» **Exercise brief**
From the entries below, reproduce exactly the lines from the one with "Natural Republic Larimar" through the one with "3-Pcs Pants Suit", both included, without images.
━━ Exercise data ━━
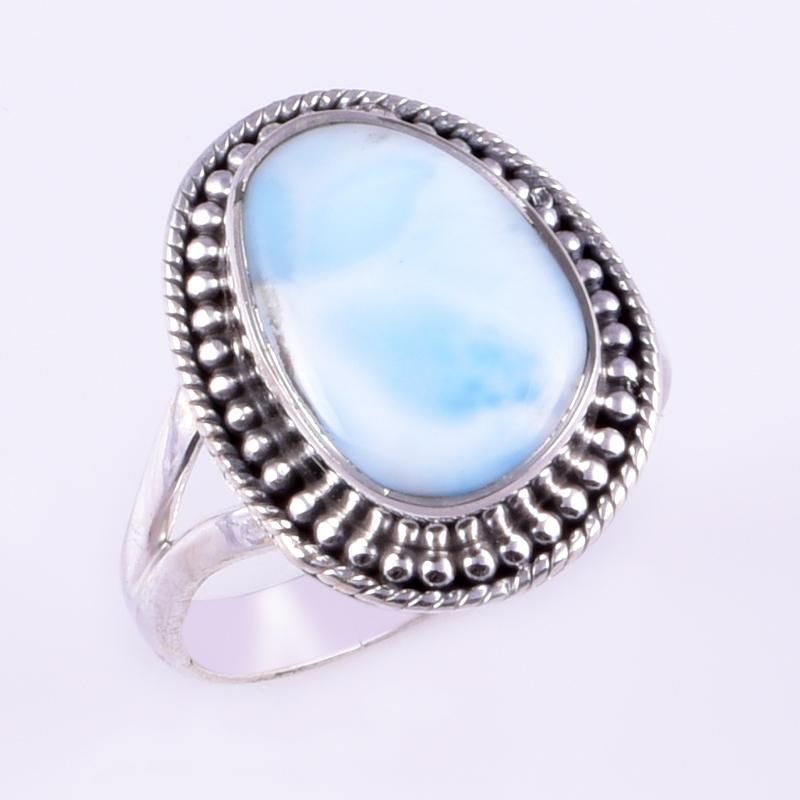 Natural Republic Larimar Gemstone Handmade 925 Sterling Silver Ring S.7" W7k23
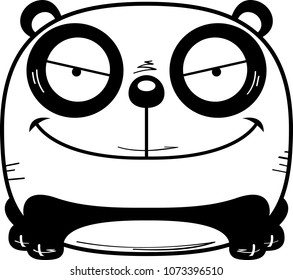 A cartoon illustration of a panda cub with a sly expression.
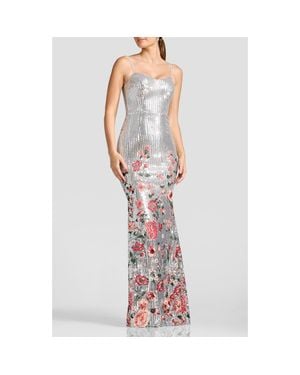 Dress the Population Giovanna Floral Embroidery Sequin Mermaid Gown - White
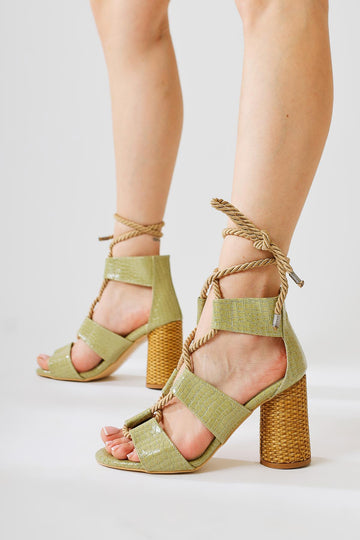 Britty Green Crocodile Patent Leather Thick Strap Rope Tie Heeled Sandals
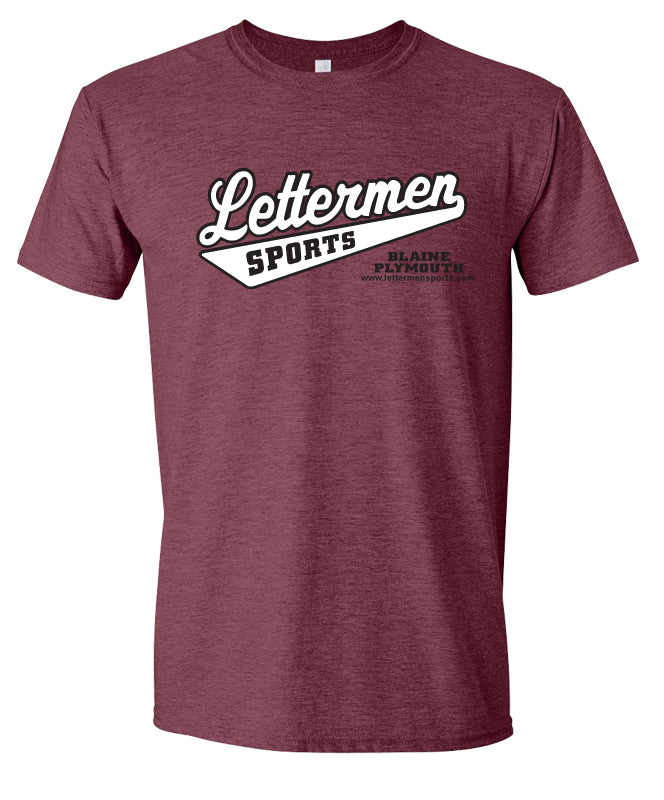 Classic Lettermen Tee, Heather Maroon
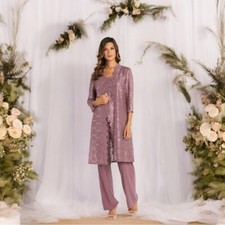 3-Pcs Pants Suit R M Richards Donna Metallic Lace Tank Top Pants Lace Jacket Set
━━━
━━ Exercise data ━━
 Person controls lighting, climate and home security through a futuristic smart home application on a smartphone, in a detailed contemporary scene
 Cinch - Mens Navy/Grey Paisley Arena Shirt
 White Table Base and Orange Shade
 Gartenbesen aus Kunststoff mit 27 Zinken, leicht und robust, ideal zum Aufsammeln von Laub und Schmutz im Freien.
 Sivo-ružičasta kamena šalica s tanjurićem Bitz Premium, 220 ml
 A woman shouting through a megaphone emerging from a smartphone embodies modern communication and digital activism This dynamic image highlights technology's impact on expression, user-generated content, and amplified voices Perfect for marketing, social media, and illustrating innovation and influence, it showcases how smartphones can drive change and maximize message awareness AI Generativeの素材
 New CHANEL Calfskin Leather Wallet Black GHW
━━━
━━ Exercise data ━━
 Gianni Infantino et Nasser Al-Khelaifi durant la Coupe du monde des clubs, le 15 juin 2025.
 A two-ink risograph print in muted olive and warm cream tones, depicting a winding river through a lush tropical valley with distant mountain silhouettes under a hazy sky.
━━━
» **Result below**
 Natural Republic Larimar Gemstone Handmade 925 Sterling Silver Ring S.7" W7k23
 A cartoon illustration of a panda cub with a sly expression.
 Dress the Population Giovanna Floral Embroidery Sequin Mermaid Gown - White
 Britty Green Crocodile Patent Leather Thick Strap Rope Tie Heeled Sandals
 Classic Lettermen Tee, Heather Maroon
 3-Pcs Pants Suit R M Richards Donna Metallic Lace Tank Top Pants Lace Jacket Set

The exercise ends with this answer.